Problem to work on:
Word for word, restate all the records; images are not part of the copy.

Study material:

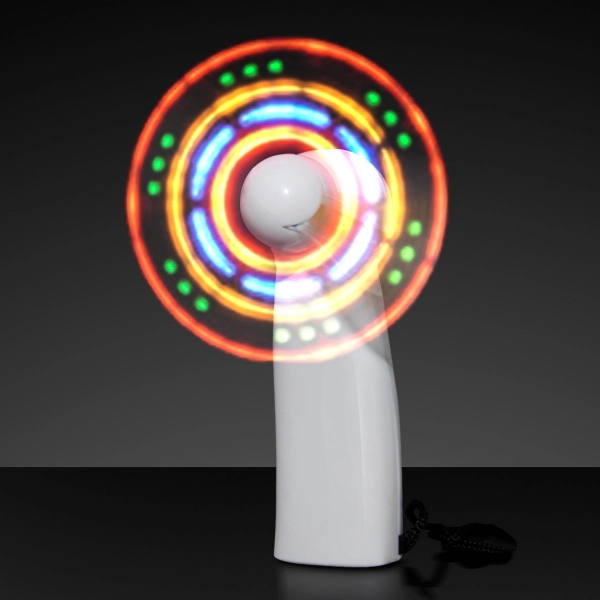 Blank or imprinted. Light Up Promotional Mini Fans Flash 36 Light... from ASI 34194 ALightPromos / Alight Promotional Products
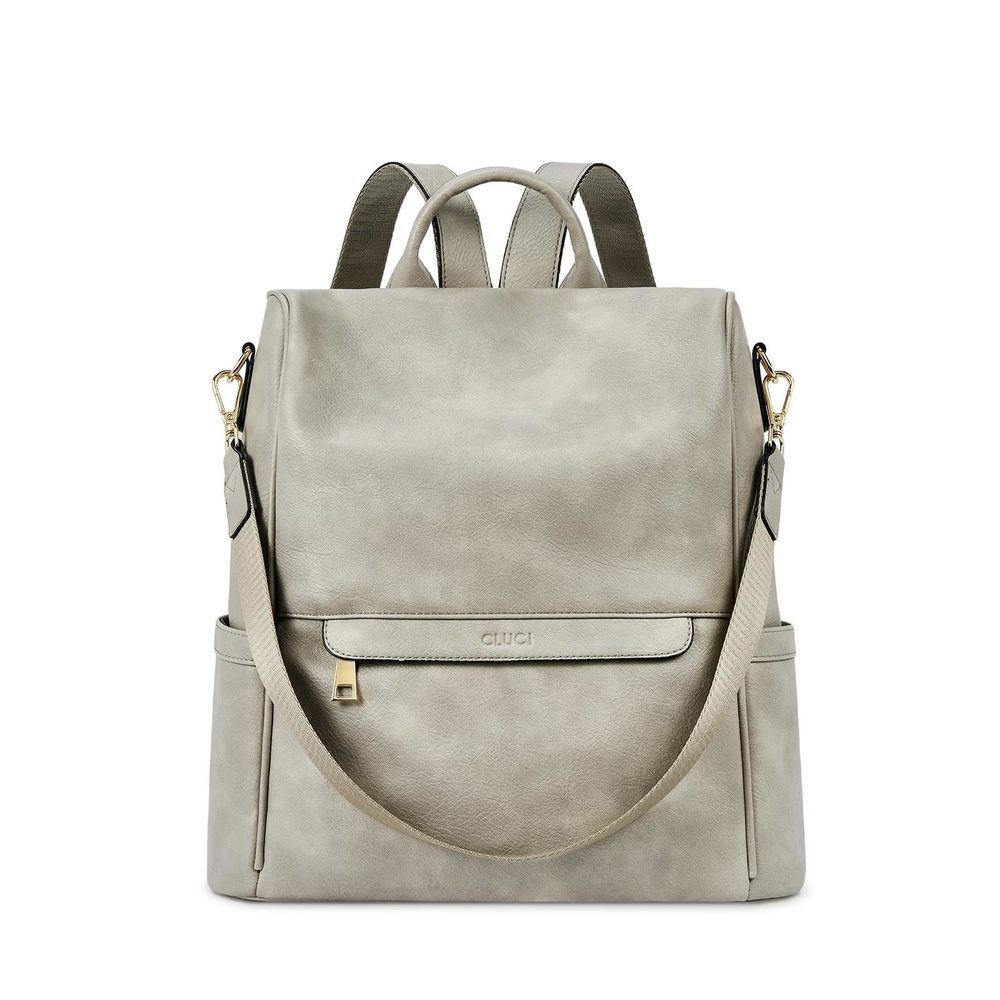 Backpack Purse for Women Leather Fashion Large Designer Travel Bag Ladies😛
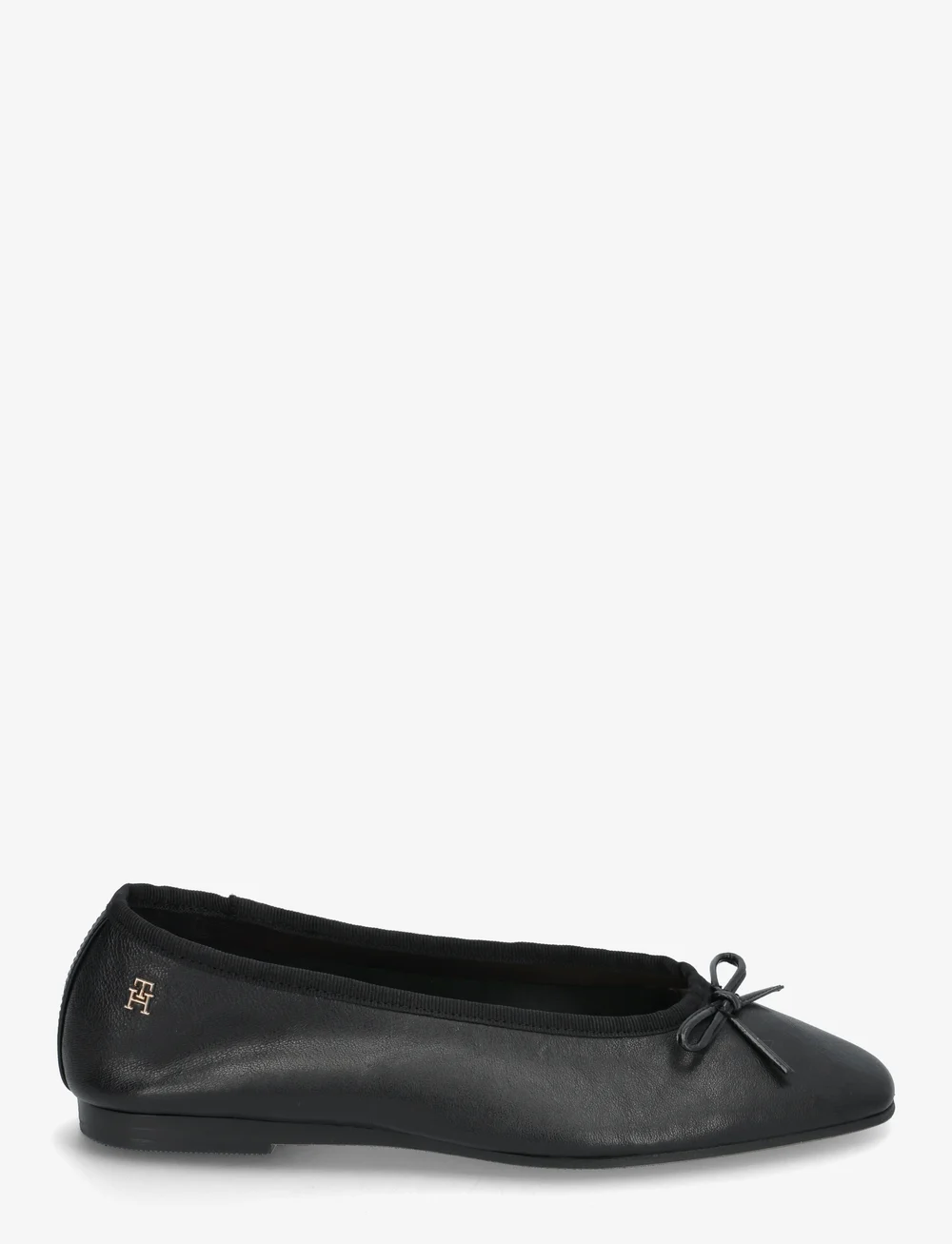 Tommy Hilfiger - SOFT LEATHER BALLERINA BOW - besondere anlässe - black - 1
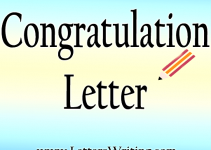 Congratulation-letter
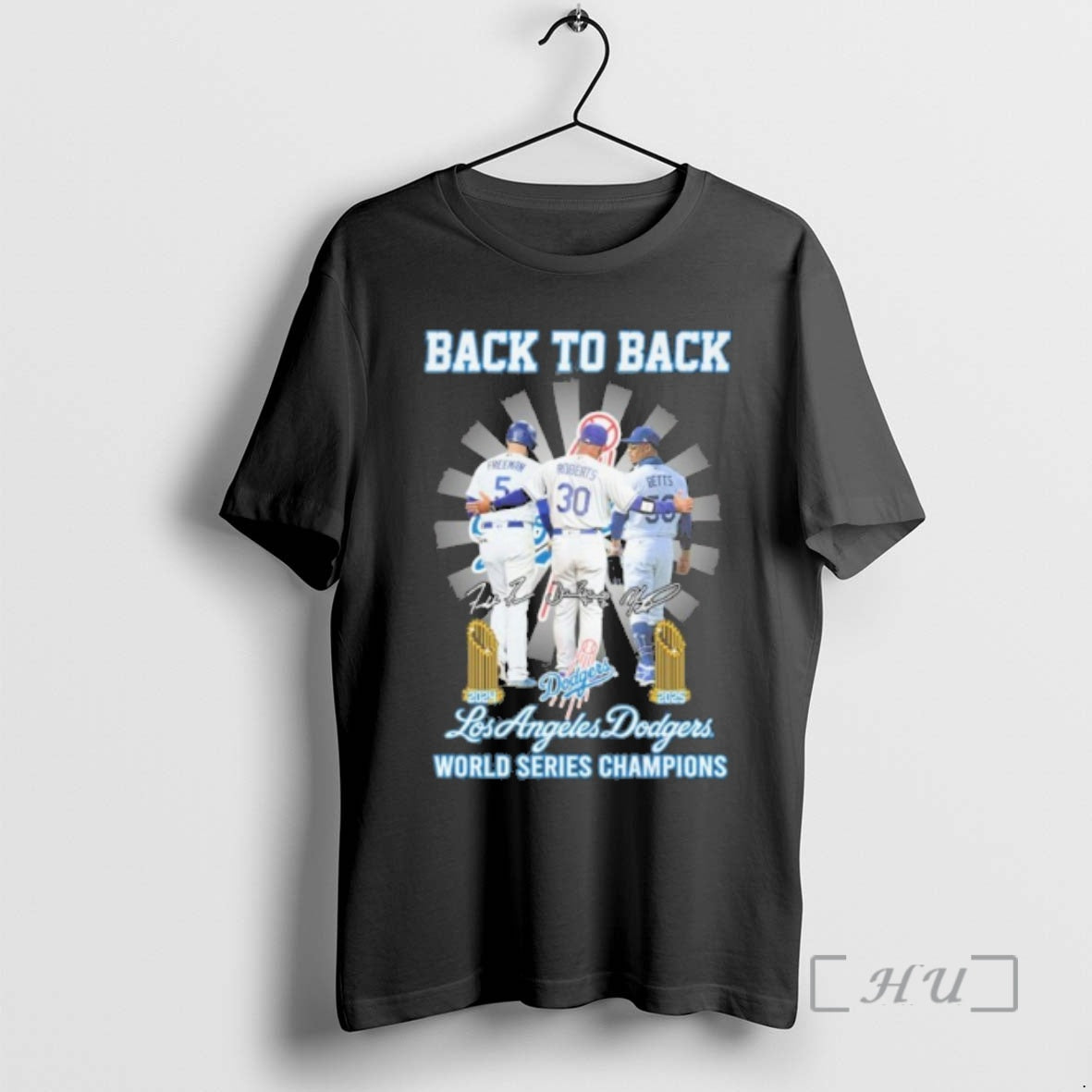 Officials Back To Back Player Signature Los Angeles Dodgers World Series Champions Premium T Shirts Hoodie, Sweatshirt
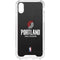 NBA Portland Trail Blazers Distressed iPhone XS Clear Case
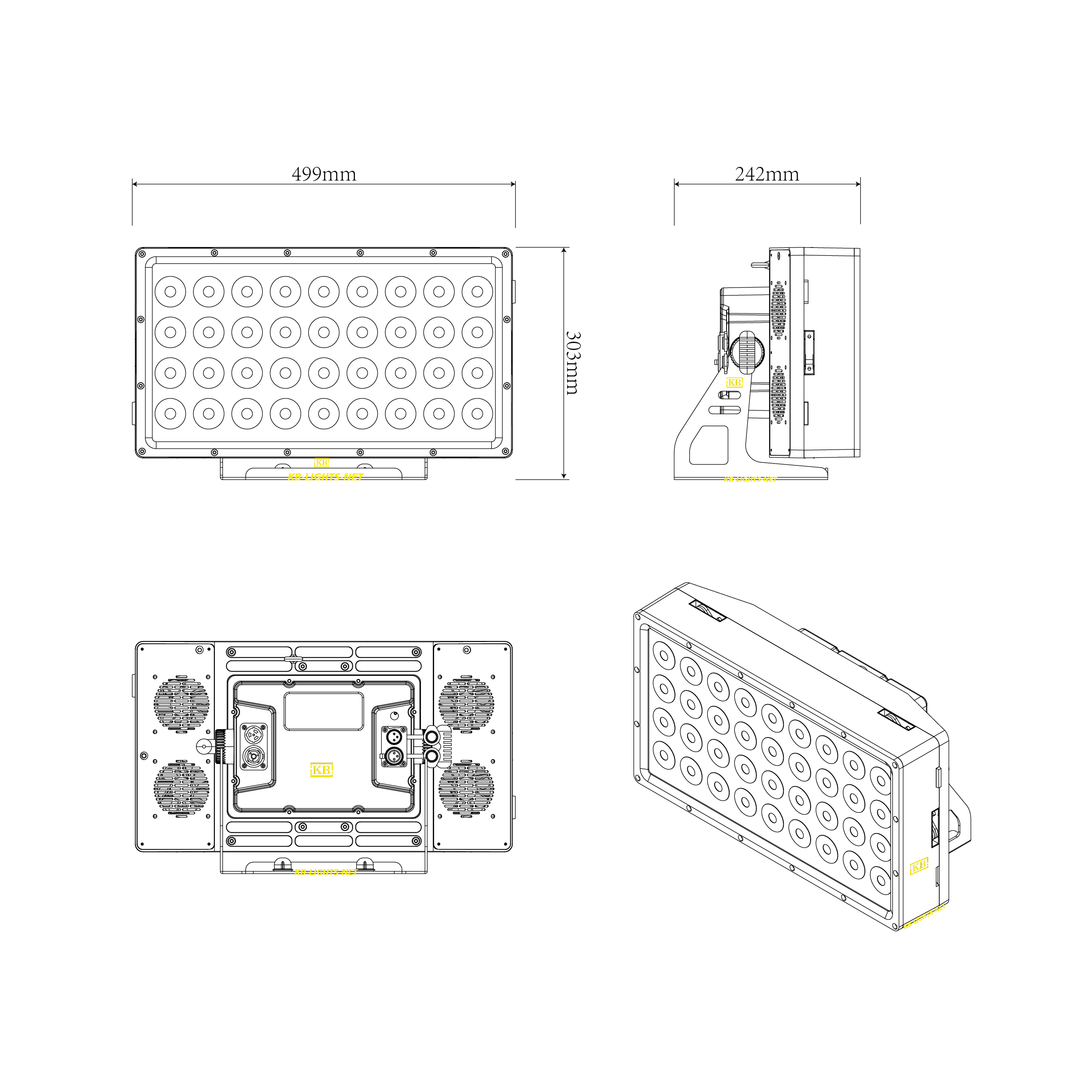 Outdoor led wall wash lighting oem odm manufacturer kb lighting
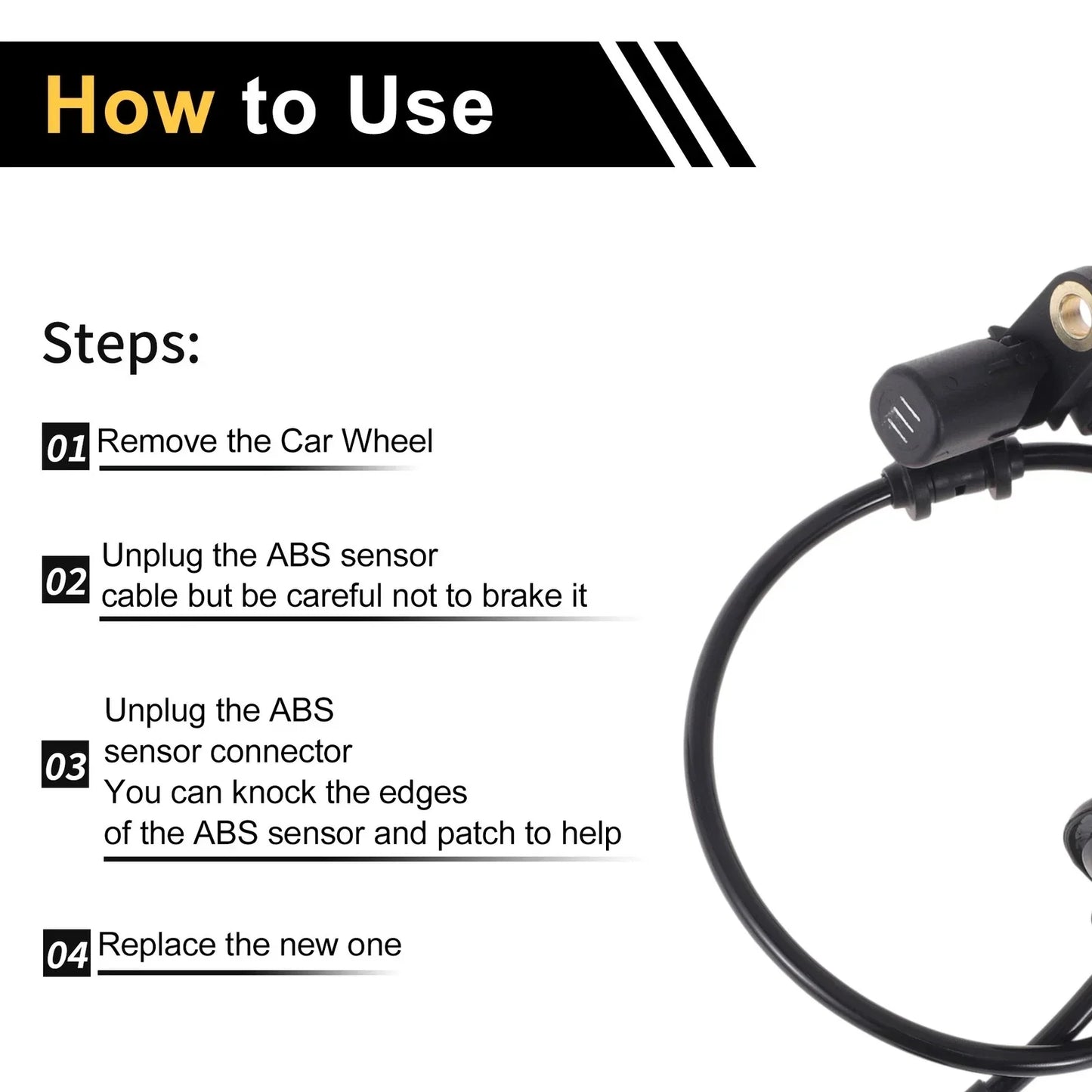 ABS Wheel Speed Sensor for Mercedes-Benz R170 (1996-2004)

Answer to the exercise:
 Blank or imprinted. Light Up Promotional Mini Fans Flash 36 Light... from ASI 34194 ALightPromos / Alight Promotional Products
 Backpack Purse for Women Leather Fashion Large Designer Travel Bag Ladies😛
 Tommy Hilfiger - SOFT LEATHER BALLERINA BOW - besondere anlässe - black - 1
 Congratulation-letter
 Officials Back To Back Player Signature Los Angeles Dodgers World Series Champions Premium T Shirts Hoodie, Sweatshirt
 NBA Portland Trail Blazers Distressed iPhone XS Clear Case
 Outdoor led wall wash lighting oem odm manufacturer kb lighting
 ABS Wheel Speed Sensor for Mercedes-Benz R170 (1996-2004)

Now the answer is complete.